Medef : L’examen des candidats à son service

Mardi 28 mars, le Medef faisait passer un grand oral à quatre des candidats à la présidentielle, dont Macron, Fillon et Marine Le Pen. Une première d’ailleurs pour le FN, que le Medef avait boycotté lors des précédentes élections...

Pas de doute, c’est toujours Fillon qui reste le candidat chéri des patrons. C’est le seul à avoir fait l’objet d’applaudissements nourris avant même son discours, et Gattaz l’a chaleureusement accueilli. La guerre sociale ultra-rapide annoncée depuis des mois par Fillon s’il est élu fait rêver le patronat. En cent jours, avec une majorité parlementaire de droite solide, Fillon promet d’en finir avec tout ce qui peut encore ressembler à de la protection sociale et avec la résistance syndicale. Pour Gattaz, « le programme économique et social de François Fillon a une vision vers le plein emploi, une ambition (...). Les réformes restent tout à fait pragmatiques, cohérentes pour aller vers la croissance ».

Mais rien ne dit à l’heure actuelle que Fillon arrivera à passer le premier tour... Alors contre mauvaise fortune, bon cœur : les patrons commencent à réfléchir sérieusement à l’option Macron. « C’est un homme nouveau, il doit avoir l’âge de Kennedy quand il est arrivé au pouvoir », a déclaré Loïc Armand, vice-président de L’Oréal et président de la commission Europe du Medef. « L’alternative pour cette élection, c’est lui ou Le Pen. Or, c’est le seul européen convaincu et l’Europe a besoin de changer. Je crois que c’est lui qui a la solution pour une sortie collective. S’il n’y a plus de confiance, il n’y aura plus d’investissement. Et sans investissement, il n’y aura pas de croissance ».

La victoire de Macron fait encore pour l’instant figure de saut dans l’inconnu pour une majorité du Medef. Mais elle l’est quand même moins qu’une arrivée de Marine Le Pen à l’Élysée ! Et la prestation de la candidate du FN a vraiment fait ressortir que la sortie de l’Union européenne et de l’euro qu’elle prône n’est pas le choix privilégié à l’heure actuelle par le grand patronat français. Le Pen s’est d’ailleurs bien plus adressée aux patrons de PME qu’au noyau dirigeant du CAC 40.

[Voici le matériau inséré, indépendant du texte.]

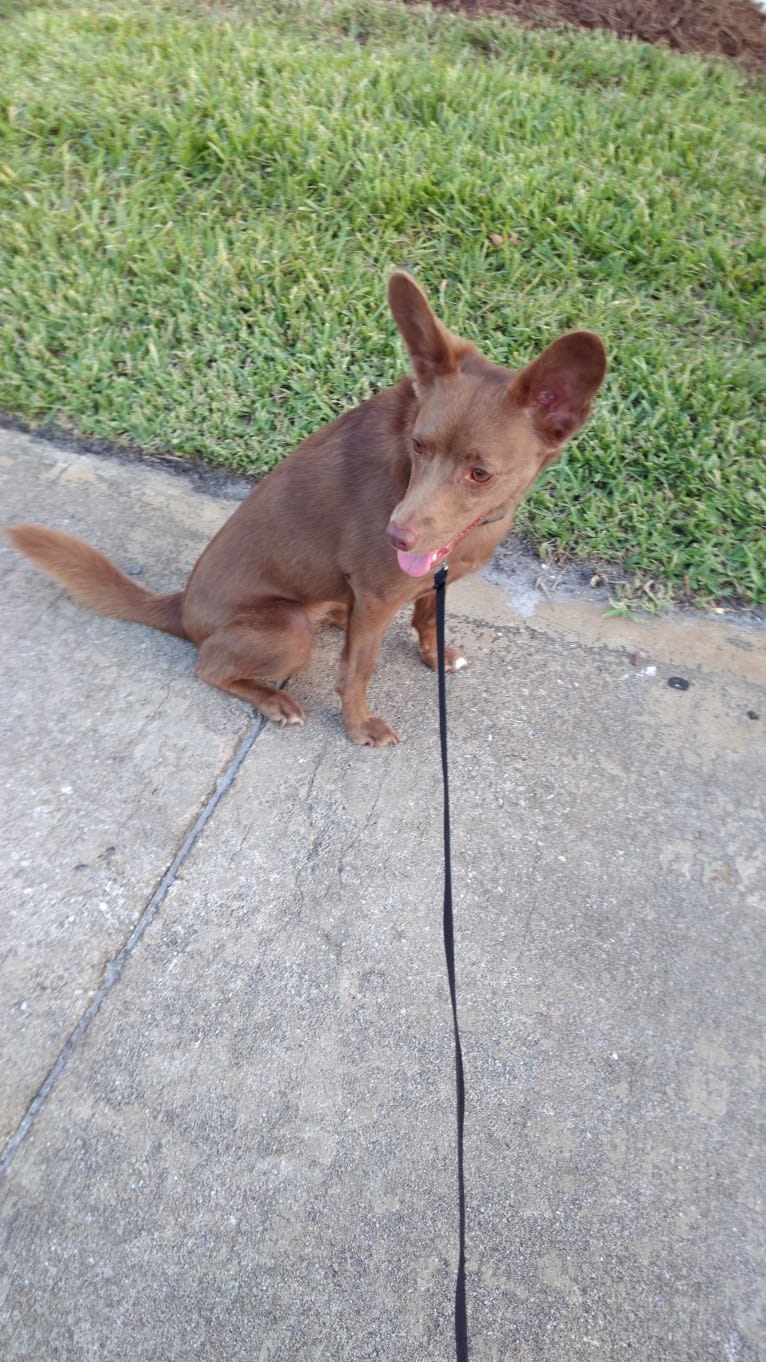 Little Red, a Russell-type Terrier and American Eskimo Dog mix tested with EmbarkVet.com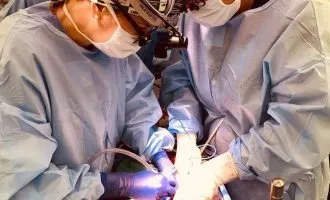 پیوند کلیه خوک به انسان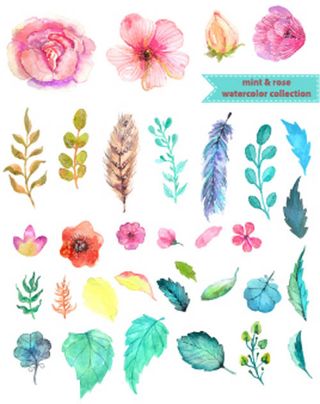 水墨叶子和花朵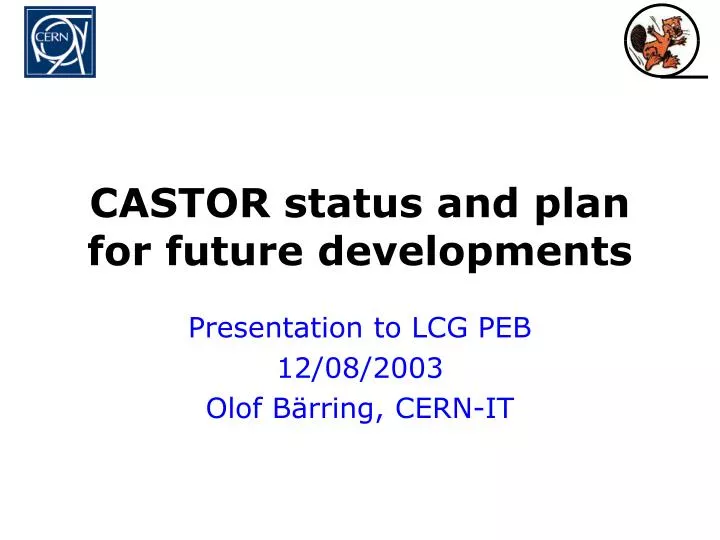 castor status and plan for future developments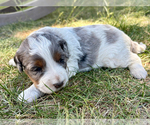Small #5 Bernedoodle (Miniature)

Macron ou Fillon, Fillon ou Macron ?

Pour Macron, ce n’est bien entendu pas « l’homme » ni son « programme » qui évidemment font hésiter les patrons, mais leur difficulté à évaluer sa capacité à mener à bien une politique aussi brutale à l’encontre du monde du travail. Il lui faudra non seulement une majorité législative stable mais aussi des relais puissants à tous les échelons des pouvoirs locaux. Et pour l’instant, « En Marche » est loin d’avoir une stature équivalente à des appareils politiques comme ceux des Républicains ou du Parti socialiste.

Certes, le ralliement de Valls, qui va encore accélérer la crise voire l’éclatement du PS, pourrait, en revanche, lui permettre d’avoir une majorité législative assez confortable, allant d’une partie de la droite à une partie du PS. Mais plus les ralliements du côté socialiste s’accumulent, plus Macron pourrait être rattrapé par son passé d’homme de confiance de Hollande durant presque cinq ans ! S’il gagne la présidentielle, rien n’est écrit encore sur quelle majorité parlementaire il s’appuiera ensuite pour gouverner. Peut-être que le Medef se plaît à imaginer un Macron président et une majorité parlementaire de droite ? Dans l’isoloir, il y aura peut-être de la diversité du côté du patronat, mais de toute façon, le ou la gagnante le retrouvera uni derrière lui ou elle face au monde du travail.